• [Items listed in a dataset]

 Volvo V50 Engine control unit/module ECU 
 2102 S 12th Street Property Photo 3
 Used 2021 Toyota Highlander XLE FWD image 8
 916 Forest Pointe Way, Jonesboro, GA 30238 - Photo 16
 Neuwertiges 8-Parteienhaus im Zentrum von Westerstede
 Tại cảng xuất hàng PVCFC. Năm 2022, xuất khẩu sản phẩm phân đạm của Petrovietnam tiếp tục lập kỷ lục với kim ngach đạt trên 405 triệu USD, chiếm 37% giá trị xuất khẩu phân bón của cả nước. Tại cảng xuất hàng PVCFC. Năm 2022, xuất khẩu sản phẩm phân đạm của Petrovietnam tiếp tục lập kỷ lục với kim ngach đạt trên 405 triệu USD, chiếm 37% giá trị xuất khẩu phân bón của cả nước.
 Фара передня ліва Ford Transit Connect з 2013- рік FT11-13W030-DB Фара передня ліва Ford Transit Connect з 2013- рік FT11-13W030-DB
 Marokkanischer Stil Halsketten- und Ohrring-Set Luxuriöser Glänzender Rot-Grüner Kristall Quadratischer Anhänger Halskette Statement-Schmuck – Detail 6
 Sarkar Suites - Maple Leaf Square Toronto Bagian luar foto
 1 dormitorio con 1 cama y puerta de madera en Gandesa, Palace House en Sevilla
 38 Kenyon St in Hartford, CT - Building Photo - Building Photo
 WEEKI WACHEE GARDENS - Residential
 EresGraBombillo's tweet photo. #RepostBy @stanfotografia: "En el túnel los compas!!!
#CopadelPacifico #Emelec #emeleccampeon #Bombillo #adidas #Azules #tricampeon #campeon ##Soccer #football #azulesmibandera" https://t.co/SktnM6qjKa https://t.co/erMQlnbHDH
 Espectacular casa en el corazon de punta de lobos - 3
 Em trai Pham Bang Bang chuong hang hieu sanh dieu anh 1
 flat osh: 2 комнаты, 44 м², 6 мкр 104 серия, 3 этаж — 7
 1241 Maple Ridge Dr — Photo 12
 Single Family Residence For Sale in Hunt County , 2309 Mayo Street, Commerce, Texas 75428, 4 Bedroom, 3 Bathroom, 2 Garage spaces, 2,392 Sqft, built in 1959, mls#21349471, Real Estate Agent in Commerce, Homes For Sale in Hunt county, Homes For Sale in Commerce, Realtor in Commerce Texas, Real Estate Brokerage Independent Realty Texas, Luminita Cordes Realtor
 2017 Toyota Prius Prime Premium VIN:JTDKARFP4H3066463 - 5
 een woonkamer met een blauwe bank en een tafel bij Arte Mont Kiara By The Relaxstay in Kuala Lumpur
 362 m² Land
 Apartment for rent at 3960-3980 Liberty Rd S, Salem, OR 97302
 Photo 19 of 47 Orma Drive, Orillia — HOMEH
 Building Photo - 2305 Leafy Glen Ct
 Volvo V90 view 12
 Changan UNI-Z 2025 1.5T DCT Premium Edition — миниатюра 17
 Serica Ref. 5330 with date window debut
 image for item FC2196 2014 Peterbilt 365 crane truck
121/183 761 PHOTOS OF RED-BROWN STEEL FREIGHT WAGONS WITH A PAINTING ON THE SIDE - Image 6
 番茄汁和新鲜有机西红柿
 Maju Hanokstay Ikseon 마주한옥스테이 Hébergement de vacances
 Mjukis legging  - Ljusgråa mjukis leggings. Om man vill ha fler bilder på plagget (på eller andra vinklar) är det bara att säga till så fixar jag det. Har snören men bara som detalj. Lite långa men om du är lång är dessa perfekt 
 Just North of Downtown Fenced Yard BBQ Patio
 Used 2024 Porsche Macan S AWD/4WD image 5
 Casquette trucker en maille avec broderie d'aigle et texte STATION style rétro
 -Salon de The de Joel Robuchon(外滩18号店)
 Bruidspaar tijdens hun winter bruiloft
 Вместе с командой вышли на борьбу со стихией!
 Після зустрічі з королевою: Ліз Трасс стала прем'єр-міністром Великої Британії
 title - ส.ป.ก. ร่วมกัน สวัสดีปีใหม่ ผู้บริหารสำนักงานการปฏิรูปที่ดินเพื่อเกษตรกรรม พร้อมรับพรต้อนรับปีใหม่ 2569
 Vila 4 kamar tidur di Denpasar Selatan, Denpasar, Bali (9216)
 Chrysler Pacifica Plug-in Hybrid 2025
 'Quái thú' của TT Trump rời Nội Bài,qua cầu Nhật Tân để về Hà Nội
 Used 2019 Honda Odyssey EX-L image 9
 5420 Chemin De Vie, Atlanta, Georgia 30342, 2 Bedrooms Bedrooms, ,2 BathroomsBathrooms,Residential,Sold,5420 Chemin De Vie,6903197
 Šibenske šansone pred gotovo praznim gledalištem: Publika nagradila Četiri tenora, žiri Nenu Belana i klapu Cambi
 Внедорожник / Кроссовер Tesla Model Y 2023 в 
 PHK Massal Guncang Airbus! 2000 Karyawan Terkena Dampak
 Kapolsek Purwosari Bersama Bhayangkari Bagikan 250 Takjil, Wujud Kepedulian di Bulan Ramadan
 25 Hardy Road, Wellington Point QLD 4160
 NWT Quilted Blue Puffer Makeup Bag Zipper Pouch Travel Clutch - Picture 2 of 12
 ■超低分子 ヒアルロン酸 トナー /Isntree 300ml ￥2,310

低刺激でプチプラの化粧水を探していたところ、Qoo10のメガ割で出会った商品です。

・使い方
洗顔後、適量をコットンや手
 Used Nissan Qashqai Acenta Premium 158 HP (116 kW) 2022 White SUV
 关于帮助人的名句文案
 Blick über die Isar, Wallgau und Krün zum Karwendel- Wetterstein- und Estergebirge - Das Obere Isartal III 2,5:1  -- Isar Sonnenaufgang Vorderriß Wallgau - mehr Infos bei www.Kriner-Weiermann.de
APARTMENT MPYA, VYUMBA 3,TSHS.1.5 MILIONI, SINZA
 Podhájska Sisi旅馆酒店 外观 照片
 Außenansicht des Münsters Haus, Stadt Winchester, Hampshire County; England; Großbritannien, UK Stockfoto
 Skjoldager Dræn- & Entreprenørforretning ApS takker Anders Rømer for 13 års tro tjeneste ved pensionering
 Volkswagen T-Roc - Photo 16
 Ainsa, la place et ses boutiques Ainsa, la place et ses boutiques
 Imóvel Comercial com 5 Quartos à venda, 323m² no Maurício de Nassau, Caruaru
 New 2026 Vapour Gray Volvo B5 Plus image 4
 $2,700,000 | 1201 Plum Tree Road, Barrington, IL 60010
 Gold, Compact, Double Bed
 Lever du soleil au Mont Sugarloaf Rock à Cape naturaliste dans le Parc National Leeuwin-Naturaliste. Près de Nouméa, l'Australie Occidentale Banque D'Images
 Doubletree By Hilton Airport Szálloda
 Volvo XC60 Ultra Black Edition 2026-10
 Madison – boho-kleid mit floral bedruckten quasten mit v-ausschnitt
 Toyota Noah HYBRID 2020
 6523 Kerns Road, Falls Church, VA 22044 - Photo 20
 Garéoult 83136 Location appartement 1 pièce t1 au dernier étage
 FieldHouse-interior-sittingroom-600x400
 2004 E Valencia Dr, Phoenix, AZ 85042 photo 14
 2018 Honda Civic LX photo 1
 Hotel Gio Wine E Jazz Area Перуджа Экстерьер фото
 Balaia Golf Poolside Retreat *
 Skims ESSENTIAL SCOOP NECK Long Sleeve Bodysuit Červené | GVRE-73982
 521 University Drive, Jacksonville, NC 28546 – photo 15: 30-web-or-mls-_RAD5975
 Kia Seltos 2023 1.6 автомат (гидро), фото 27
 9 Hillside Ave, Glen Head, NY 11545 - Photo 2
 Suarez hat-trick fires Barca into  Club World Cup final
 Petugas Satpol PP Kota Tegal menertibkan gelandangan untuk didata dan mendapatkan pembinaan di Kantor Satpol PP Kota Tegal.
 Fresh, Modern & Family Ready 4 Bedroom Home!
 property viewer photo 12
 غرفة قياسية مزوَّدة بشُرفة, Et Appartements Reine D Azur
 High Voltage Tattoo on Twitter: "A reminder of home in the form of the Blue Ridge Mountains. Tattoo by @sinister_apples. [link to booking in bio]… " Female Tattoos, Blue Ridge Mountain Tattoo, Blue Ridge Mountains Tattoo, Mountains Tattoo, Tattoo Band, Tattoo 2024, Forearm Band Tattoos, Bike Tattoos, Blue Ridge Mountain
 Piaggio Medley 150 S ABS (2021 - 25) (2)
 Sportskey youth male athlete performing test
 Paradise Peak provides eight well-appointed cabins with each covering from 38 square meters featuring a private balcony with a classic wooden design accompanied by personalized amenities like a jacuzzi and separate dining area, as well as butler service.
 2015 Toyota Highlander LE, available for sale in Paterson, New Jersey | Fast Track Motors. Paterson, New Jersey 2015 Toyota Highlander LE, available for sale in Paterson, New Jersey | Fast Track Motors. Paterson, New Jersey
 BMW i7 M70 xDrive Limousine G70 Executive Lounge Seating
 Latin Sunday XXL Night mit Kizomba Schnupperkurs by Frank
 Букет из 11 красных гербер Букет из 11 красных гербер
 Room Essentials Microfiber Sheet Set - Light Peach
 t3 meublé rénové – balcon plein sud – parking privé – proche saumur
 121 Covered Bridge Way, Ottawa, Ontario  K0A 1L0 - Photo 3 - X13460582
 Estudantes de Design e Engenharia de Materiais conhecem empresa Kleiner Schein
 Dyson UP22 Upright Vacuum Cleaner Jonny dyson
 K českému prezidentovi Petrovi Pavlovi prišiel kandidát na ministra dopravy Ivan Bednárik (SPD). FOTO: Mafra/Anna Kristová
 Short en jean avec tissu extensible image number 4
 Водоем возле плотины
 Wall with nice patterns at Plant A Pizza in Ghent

• [Task]
How many lines of the entries hold the word "Volvo"? Respond with the number alone.

• [Exercise answer]
4